Practicality. Generally your stdlib is part of your cross compiler install. So now you'd need 2 versions of your stdlib--the small version and the speedy version. So now you aren't using -lc (which is usually built-in to the linker) foro your boot code but you are for your regular firmware. Now your makefile is more complex. And you are running a modified std library so it's a pain to upgrade. Blah blah blah the list goes on.
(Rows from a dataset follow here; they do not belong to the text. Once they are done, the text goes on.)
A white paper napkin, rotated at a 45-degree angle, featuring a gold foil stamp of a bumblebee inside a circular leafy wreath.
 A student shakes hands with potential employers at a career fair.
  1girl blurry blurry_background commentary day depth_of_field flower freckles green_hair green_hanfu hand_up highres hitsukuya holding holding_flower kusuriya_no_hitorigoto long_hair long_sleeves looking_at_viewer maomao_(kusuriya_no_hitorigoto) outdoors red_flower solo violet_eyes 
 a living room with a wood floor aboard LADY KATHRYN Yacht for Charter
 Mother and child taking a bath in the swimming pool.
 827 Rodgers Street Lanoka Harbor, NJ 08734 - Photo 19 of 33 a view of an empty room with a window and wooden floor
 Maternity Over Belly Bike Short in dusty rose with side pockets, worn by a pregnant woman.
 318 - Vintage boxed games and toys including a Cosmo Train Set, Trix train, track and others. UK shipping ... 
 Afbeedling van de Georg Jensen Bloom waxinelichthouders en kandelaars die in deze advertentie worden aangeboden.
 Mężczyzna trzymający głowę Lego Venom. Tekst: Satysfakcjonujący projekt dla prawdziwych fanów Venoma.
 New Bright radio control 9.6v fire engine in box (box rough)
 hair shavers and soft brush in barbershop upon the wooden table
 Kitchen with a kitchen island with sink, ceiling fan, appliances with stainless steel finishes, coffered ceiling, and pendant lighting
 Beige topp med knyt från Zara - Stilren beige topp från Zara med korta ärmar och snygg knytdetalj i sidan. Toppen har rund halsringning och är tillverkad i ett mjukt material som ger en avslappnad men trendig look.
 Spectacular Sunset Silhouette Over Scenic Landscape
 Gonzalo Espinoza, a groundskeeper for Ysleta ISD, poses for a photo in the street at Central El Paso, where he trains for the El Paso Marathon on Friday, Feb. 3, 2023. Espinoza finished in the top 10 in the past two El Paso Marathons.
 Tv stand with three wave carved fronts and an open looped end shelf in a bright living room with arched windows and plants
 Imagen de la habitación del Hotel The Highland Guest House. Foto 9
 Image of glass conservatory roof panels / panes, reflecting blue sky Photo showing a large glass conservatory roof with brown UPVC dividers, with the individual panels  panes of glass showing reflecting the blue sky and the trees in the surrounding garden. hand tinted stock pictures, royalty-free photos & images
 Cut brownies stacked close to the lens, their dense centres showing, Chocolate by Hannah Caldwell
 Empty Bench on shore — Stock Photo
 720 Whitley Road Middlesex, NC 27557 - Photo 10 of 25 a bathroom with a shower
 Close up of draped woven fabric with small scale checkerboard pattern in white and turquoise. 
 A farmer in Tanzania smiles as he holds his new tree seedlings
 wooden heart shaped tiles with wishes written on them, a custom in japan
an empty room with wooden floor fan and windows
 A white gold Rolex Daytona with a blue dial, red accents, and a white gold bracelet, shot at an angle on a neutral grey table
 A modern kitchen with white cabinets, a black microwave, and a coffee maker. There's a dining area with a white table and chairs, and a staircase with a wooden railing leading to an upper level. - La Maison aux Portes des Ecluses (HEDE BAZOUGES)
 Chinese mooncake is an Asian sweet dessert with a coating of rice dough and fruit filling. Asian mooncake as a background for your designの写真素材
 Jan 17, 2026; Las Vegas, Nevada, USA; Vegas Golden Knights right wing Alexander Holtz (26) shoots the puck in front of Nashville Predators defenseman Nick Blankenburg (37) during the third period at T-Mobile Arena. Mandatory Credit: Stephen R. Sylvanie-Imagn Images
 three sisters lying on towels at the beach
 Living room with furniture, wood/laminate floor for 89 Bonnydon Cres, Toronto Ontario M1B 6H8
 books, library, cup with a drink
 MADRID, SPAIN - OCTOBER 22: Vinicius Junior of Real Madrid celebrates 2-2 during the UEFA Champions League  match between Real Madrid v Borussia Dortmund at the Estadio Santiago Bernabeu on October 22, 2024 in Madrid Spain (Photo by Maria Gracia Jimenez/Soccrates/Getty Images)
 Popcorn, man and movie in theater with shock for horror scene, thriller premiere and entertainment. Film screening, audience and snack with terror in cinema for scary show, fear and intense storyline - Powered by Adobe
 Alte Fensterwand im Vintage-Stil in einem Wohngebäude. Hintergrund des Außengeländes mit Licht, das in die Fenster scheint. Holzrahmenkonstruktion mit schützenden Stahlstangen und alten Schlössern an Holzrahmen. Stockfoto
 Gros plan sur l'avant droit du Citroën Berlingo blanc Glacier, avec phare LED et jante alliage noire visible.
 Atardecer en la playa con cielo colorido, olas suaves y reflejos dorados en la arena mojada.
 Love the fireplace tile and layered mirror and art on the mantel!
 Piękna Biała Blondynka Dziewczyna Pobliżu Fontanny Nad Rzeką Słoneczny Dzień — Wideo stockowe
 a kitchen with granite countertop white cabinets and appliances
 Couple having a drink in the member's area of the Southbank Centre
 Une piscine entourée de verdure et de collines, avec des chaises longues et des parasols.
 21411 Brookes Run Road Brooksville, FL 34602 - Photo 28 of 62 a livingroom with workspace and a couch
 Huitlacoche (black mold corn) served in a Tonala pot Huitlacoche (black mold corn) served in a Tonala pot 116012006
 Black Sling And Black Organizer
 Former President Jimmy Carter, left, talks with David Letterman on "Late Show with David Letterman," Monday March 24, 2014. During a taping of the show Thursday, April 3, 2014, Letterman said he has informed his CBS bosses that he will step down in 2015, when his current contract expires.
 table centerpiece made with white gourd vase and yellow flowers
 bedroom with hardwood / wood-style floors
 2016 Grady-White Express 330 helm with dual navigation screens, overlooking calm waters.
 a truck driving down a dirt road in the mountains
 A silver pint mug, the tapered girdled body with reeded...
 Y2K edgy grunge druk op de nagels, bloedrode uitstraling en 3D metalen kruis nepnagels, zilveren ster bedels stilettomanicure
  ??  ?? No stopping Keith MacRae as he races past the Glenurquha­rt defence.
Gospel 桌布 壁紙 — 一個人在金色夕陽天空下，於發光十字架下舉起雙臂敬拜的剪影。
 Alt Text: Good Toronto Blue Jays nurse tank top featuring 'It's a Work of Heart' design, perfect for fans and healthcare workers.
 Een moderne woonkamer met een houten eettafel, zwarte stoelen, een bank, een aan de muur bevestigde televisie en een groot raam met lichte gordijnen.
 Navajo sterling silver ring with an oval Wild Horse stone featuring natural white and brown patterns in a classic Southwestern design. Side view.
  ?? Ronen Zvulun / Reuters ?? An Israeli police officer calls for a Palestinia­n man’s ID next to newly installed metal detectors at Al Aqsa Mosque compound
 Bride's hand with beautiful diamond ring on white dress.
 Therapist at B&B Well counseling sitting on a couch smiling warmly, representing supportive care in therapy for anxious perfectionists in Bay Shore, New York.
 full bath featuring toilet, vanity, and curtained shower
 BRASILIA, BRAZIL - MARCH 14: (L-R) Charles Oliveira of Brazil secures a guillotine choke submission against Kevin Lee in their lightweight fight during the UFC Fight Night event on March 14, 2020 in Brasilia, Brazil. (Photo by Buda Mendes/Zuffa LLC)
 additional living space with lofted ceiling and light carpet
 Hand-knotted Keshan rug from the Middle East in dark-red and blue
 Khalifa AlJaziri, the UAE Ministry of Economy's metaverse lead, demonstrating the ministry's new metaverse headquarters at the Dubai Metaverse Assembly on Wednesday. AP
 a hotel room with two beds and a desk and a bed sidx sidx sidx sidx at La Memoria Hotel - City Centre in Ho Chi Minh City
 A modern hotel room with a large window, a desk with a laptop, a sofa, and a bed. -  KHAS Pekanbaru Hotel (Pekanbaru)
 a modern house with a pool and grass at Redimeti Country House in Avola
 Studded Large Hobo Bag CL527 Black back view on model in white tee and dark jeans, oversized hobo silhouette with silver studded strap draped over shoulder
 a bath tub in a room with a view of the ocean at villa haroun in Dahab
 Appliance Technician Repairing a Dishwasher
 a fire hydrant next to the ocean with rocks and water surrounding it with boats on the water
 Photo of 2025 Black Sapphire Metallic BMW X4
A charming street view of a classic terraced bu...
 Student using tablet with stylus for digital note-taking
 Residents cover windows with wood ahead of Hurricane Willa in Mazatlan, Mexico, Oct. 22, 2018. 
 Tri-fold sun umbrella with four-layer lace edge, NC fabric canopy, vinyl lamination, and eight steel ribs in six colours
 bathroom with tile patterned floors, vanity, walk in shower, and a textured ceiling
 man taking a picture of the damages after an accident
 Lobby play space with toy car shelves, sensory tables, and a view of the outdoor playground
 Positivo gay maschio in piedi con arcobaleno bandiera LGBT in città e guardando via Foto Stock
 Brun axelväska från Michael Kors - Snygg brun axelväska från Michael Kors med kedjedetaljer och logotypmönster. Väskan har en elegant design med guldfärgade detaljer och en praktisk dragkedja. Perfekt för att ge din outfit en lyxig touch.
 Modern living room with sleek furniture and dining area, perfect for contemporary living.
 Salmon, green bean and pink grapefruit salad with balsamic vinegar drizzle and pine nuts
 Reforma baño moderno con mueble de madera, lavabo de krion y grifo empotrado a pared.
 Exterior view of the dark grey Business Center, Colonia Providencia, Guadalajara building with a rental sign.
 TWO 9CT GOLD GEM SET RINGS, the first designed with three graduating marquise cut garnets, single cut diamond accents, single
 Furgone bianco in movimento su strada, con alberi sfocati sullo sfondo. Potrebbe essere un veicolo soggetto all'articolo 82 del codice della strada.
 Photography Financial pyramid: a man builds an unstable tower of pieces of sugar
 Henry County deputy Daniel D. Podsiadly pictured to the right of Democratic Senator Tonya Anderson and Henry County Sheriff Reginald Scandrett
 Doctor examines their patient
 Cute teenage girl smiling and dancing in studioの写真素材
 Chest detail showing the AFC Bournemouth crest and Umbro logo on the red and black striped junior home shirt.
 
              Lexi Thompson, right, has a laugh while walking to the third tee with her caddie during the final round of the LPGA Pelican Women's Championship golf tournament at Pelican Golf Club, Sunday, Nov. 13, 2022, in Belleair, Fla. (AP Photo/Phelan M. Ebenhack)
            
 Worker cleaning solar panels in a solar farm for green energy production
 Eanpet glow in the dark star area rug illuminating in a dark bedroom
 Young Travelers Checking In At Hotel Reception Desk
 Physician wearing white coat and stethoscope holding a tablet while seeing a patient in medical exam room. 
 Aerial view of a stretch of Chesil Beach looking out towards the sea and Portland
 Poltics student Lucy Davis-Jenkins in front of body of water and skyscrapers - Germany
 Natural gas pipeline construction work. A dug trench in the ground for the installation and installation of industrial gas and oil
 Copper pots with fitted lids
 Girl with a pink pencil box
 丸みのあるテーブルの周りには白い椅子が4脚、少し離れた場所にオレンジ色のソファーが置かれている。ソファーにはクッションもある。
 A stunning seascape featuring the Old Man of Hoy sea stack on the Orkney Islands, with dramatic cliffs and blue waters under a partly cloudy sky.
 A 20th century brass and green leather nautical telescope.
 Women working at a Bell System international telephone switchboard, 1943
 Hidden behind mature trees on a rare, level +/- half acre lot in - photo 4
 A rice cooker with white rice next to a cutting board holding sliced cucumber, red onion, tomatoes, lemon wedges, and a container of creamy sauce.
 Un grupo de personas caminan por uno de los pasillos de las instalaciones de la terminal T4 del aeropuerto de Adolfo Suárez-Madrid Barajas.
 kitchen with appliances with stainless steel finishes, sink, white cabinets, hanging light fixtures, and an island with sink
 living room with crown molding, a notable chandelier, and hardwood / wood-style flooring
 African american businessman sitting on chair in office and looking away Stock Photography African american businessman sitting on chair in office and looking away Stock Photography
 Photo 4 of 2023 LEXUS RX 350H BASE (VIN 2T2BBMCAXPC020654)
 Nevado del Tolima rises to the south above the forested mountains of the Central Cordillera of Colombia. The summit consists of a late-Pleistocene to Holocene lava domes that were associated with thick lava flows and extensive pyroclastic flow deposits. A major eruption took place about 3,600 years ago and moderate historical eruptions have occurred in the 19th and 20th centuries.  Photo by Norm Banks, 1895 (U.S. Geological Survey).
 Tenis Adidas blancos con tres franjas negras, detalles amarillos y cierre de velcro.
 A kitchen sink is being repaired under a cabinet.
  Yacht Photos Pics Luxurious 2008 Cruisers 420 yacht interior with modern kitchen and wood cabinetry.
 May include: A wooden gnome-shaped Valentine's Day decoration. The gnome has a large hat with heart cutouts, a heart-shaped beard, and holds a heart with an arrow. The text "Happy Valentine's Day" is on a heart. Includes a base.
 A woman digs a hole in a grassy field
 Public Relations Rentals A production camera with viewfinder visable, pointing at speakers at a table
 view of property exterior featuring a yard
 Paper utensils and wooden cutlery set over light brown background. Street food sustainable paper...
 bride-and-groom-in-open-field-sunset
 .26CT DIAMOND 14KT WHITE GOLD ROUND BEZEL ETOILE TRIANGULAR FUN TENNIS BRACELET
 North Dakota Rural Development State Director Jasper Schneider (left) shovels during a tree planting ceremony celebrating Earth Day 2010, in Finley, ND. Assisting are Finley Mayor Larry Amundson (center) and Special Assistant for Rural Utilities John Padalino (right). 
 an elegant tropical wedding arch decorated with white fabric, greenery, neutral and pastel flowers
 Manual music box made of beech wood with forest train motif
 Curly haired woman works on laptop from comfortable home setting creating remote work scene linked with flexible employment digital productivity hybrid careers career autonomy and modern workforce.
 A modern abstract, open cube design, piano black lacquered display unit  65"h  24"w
Of course you could do all that, but it's so much easier to just override the 5 functions you actually use in your code. Because of the way linkers work and the way standard libraries are designed, if you define your own version of a library function then the linker won't pull in the library version--effectively choosing your local version over the one in the library. That keeps the standard library clean of patches and keeps the small, tight code near the project that actually needs it.
Compilers have long ago memorized the code for memset (and memcopy and ...) and substitute optimized algorithms. As part of faking their benchmark stats for marketing purposes. So no worries, this code should result in kick-butt optimized assembler. Except for the obvious bug.
Optimized for what? Speed? While I can picture that happening, it has been my experience that this is not the case. The memory squishing optimizations I'm talking about require dumping the assembly output and I've never seen my stupid memcpy() routine suddenly turn into optimized-for-speed code. I'd be pretty upset if that were to happen...
why can't you have a '#ifdef PREFER_SIZE_OVER_SPEED' or something similar ?